A clinical trial for a one-time gene-editing treatment has reduced LDL cholesterol levels by 62%, according to reporting from Men’s Health on June 7, 2026. The therapy utilizes CRISPR-based technology to permanently disable a specific gene in the liver, potentially offering a permanent alternative to daily cholesterol-lowering medications.
The treatment targets the PCSK9 gene, which plays a critical role in how the body regulates low-density lipoprotein (LDL), often called bad cholesterol
. By using gene editing to “turn off” this gene, the liver can more effectively remove LDL from the bloodstream, reducing the risk of plaque buildup in the arteries.
This approach differs from traditional therapies because it modifies the patient’s DNA. While standard treatments manage cholesterol levels through ongoing chemical intervention, this technology seeks to fix the underlying genetic mechanism permanently.
High LDL levels are a primary driver of atherosclerosis, a condition where fatty deposits narrow the arteries. This narrowing restricts blood flow and can lead to heart attacks or strokes if a plaque ruptures and forms a clot.
The 62% reduction in LDL reported on June 7, 2026, suggests a significant shift in how clinicians might treat familial hypercholesterolemia or severe cardiovascular risk. Patients with genetic predispositions to high cholesterol often struggle to reach target LDL levels even with maximum doses of traditional drugs.
Traditional statins work by inhibiting the enzyme HMG-CoA reductase in the liver to slow down the production of cholesterol. However, statins require daily adherence and can cause side effects such as muscle pain in some patients.

Another class of drugs, PCSK9 inhibitors, uses monoclonal antibodies to block the PCSK9 protein. While highly effective, these require regular injections, often every two to four weeks, and involve significant ongoing costs.
The CRISPR-based method removes the need for repeated dosing. By editing the DNA sequence of the PCSK9 gene, the body stops producing the protein entirely, effectively mimicking a natural genetic mutation found in some people who have lifelong low LDL levels and a very low risk of heart disease.
The technology employed is often a refined version of CRISPR-Cas9 known as base editing. Unlike traditional CRISPR, which cuts both strands of the DNA helix, base editing can change a single “letter” of the genetic code without creating a double-strand break. This precision is intended to reduce the risk of unintended mutations elsewhere in the genome.

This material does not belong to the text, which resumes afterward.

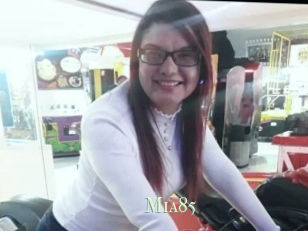 Mia85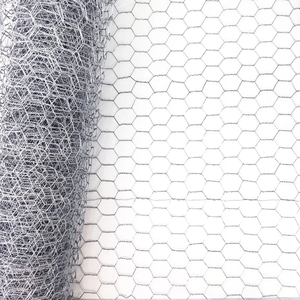 Malla de alambre hexagonal Triple/cinco giros Valla de alambre hexagonal recubierta de Pvc galvanizado Red de pollo para Gallinero - Product Image 4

Despite the 62% reduction in LDL, the permanent nature of gene editing introduces specific medical considerations that differ from reversible drug treatments.

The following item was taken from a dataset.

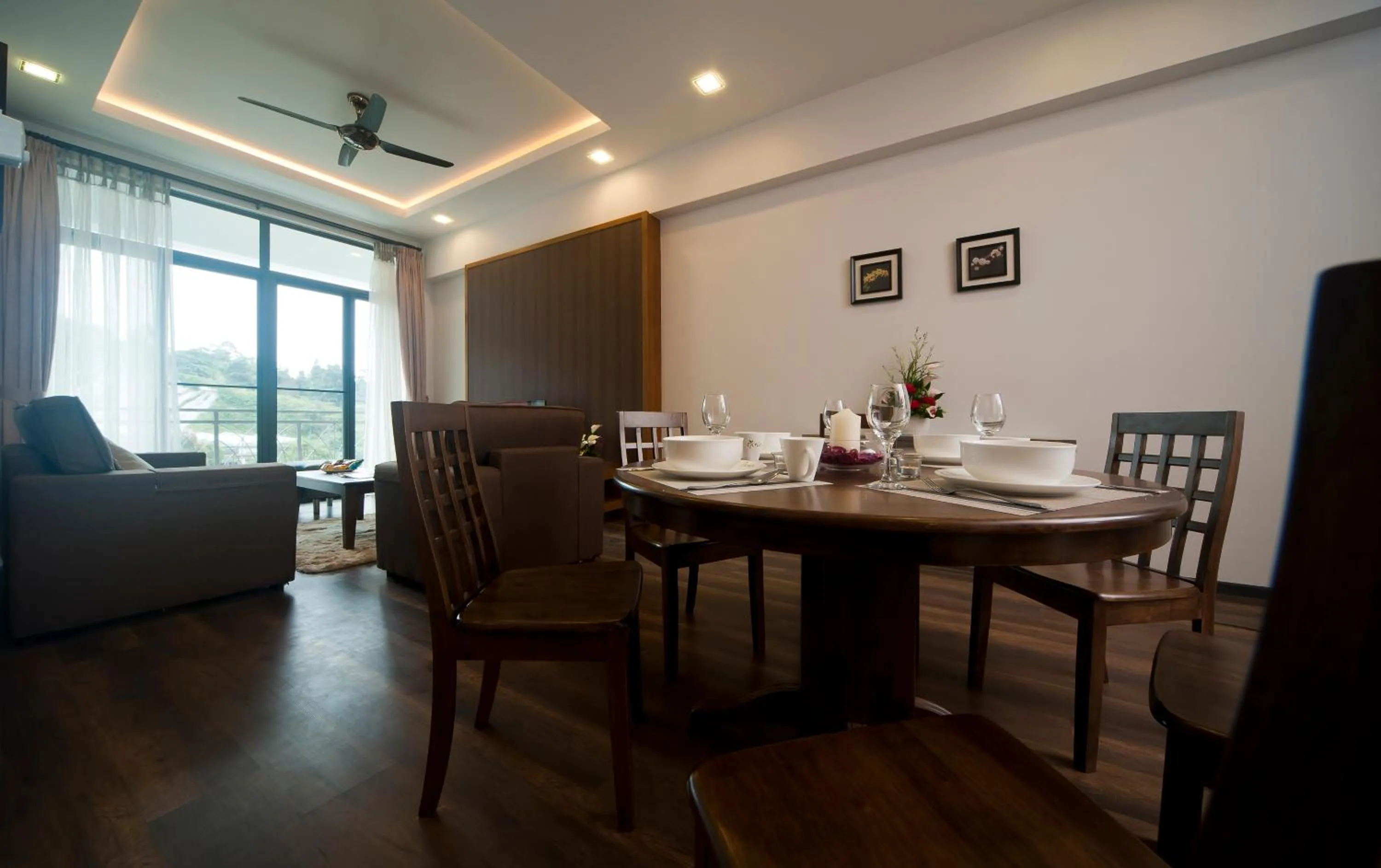 Day in Nova Highlands Hotel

If a patient experiences an adverse reaction to a statin, they can simply stop taking the pill. With a one-time gene edit, the change to the liver’s DNA is irreversible. This makes the initial safety profile and the accuracy of the edit paramount.
Researchers must also monitor for “off-target effects,” where the CRISPR mechanism might accidentally edit a similar DNA sequence in a different gene. Such errors could potentially lead to cellular dysfunction or other long-term health complications.

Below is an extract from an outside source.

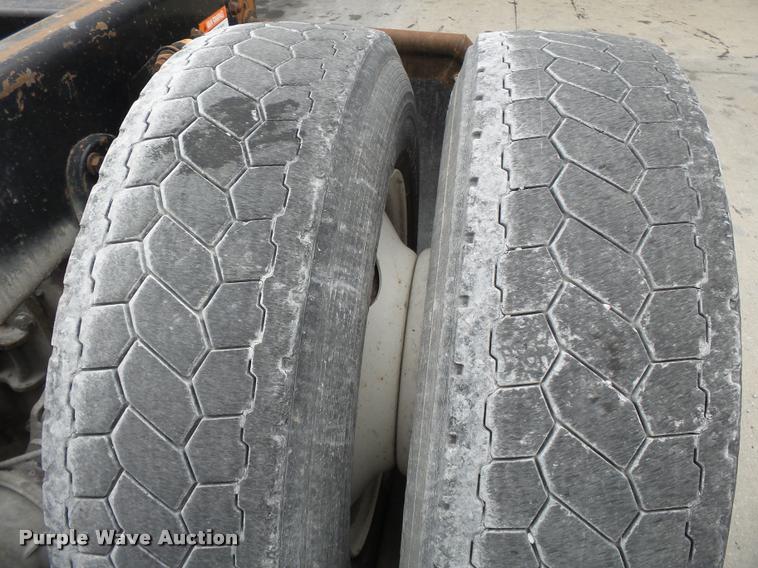 image for item K3451 2000 Freightliner FLD semi truck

The long-term durability of the 62% reduction also remains a point of study. Because liver cells regenerate, scientists are tracking whether the edited cells persist over several years or if the cholesterol-lowering effect diminishes as new, unedited cells replace the old ones.
The transition from chronic management to a one-time cure could fundamentally change the economics of heart health. While the upfront cost of a gene-editing procedure is likely to be high, it may offset the decades of expense associated with daily medication and the treatment of acute cardiovascular events.
The current focus for this technology remains in clinical trial phases, prioritizing patients with the highest risk factors. Further data will be required to determine if this treatment is safe and effective for the general population with mild to moderate high cholesterol.